Excerpted records
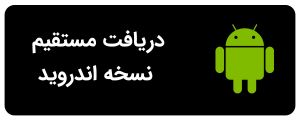 دانلود مستقیم از سایت ایبو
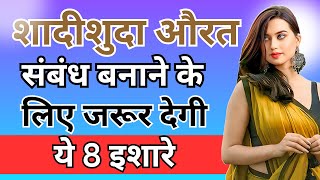 शादीशुदा औरत संबंध बनाने के लिए देगी ये 8 इशारे  inspiring video  motivation video  Psychology [upl. by Namielus]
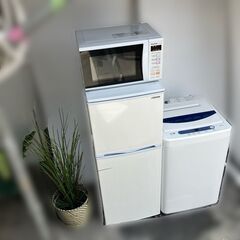 （受付終了）★お得★家電セット♬配送無料・設置工事無料♬安心のプロショップ♬即日納品 日時指定OK♬の画像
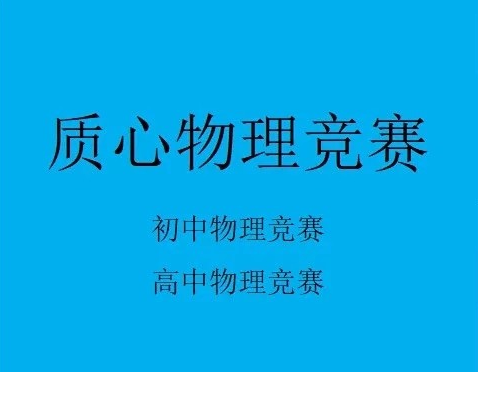 QQͼƬ20190830085757.png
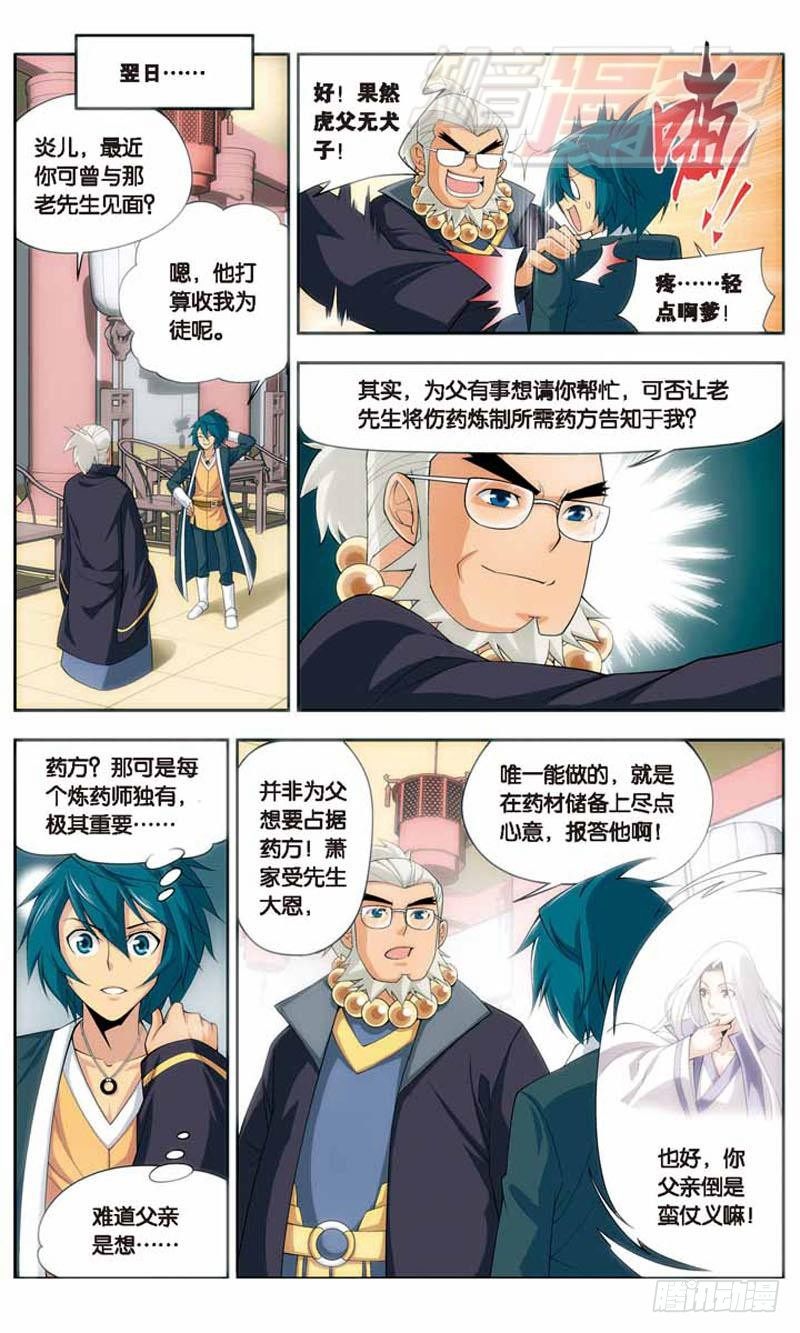 斗破苍穹漫画,181图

Problem description
Exactly as written, give again every line from the one containing "शादीशुदा औरत संबंध" through the last line of the material, both included, with the pictures left out.

Solution to this problem
 शादीशुदा औरत संबंध बनाने के लिए देगी ये 8 इशारे  inspiring video  motivation video  Psychology [upl. by Namielus]
 （受付終了）★お得★家電セット♬配送無料・設置工事無料♬安心のプロショップ♬即日納品 日時指定OK♬の画像
 QQͼƬ20190830085757.png
 斗破苍穹漫画,181图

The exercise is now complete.